[DIRECTIONS FOR THIS TASK] Only the lines from the one containing "this 800×600 image." through the end of the records should be retyped, exactly and including both ends; pictures stay out.

Records from a collection:

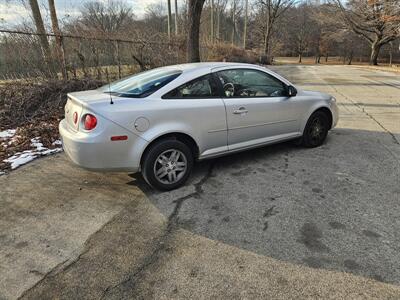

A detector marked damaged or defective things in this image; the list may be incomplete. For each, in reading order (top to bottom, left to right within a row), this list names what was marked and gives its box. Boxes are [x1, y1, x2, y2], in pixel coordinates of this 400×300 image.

crack in asphalt [100, 163, 216, 298]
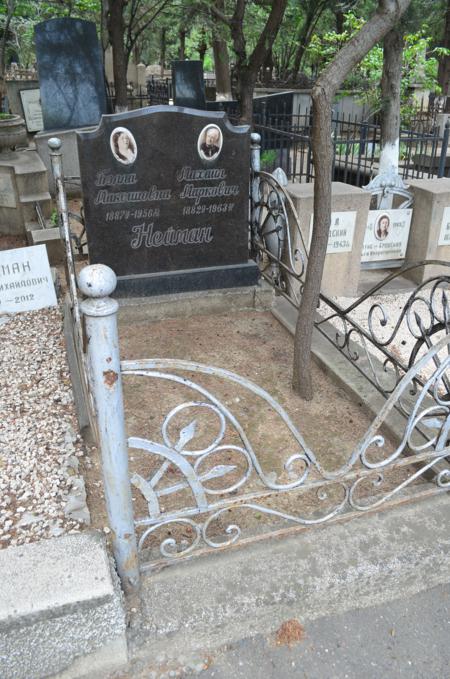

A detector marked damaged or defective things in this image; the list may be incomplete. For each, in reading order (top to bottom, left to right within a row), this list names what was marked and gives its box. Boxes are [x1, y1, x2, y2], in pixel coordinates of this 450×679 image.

chipped paint on post [78, 262, 139, 592]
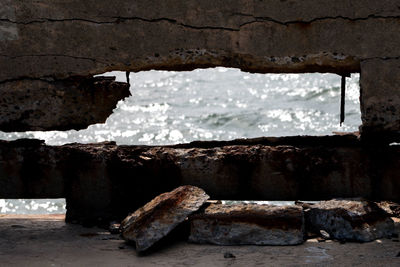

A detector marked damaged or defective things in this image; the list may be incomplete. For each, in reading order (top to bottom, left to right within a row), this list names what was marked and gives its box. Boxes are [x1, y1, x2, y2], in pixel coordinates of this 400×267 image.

broken concrete chunk [120, 186, 209, 253]
rusty concrete surface [0, 216, 400, 267]
broken concrete chunk [188, 205, 304, 247]
broken concrete chunk [306, 201, 394, 243]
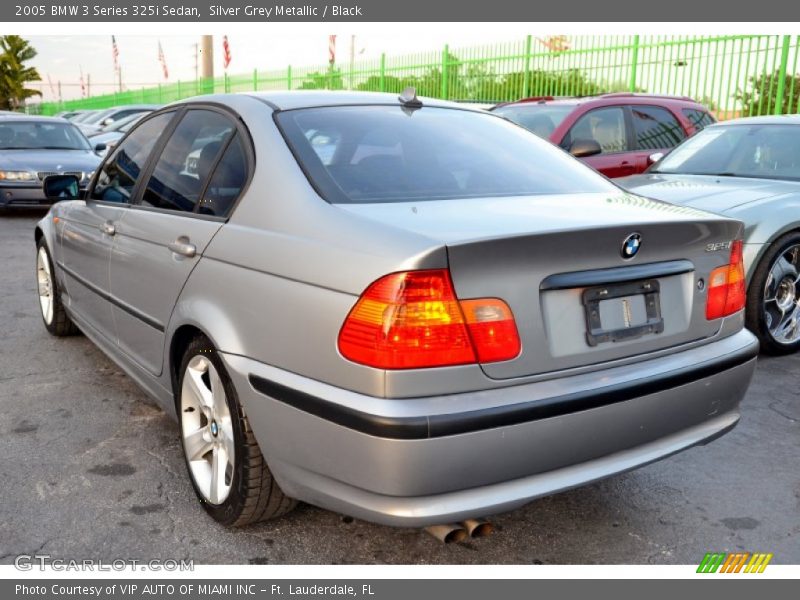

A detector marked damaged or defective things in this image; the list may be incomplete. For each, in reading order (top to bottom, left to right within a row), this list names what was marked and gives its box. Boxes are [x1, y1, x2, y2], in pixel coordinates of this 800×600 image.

cracked pavement [0, 212, 796, 564]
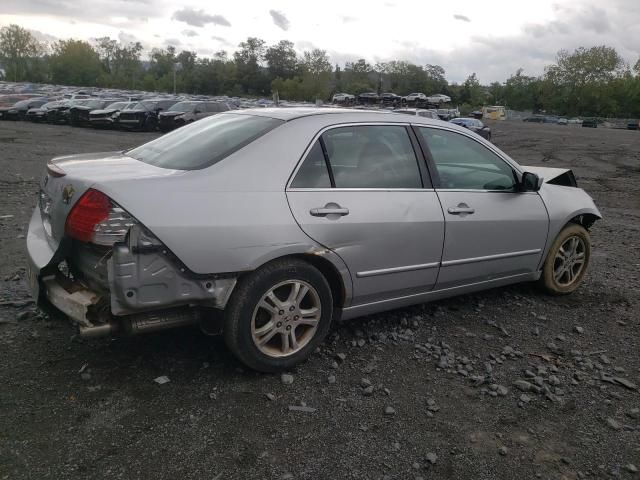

[RESULT OF THE TASK]
A detector marked damaged or defective things in this image; the list may be incomplete. For each, in reading order (top to bottom, left to right within a row), this list names what was marked and gives its box. Boxes are [x1, y1, x2, y2], in pixel coordinates of this 800×600 image.

cracked pavement [0, 212, 796, 564]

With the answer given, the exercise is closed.